しかし、最高裁判例の立場は、採用内定の法的性質について一律に就労始期付解約権留保付労働契約であると解しているのではなく、あくまでも、「当該企業の当該年度における採用内定の事実関係に即して」個別具体的に判断する立場です。
大日本印刷事件判決は、個別的判断を経た結果として、就労始期付解約権留保付労働契約であるという認定に至ったにすぎません。
ですので、採用内定であっても、大日本印刷事件の事案とは異なり、①入社誓約書の提出がなかったり、②採用内定を受けながら就職活動を継続している新卒者が少なくなく、③さらに、具体的労働条件の提示・確認や入社に向けた手続き等が行われていないなどの事情がある場合には、採用内定により労使間において労働契約の成立に向けた確定的意思の合致があるとはいえないので、労始期付解約権留保付労働契約の成立を認めることはできません。
ですので、【論点1】の論証の判断枠組みを使って、本件における採用内定の法的性質について、「当該企業の当該年度における採用内定の事実関係に即して」個別具体的に検討していくのであって、この検討結果が必ず就労始期付解約権留保付労働契約になるわけではないので注意しなければいけません。

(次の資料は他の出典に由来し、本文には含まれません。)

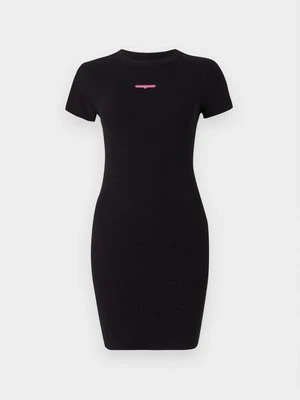 Sukienka z dżerseju Tommy Jeans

特に、大日本印刷事件の事案では、(1)原告労働者は大学の推薦を得たうえで応募していること、(2)二社制限・先決優先主義が採用されていたという特殊な事情があります。この(1)・(2)ゆえに、採用内定後には他社での就職活動をストップしなけれないけないことになるのです。
なので、採用内定であっても、(1)・(2)といった事情がなく、原告も含めてその年の新卒者が採用内定後にも他社での就職活動をばんばんやっているような状況であれば、労始期付解約権留保付労働契約を認めることは難しいでしょう(複数の内定を掛け持ちしているケースであれば、なおさらです)。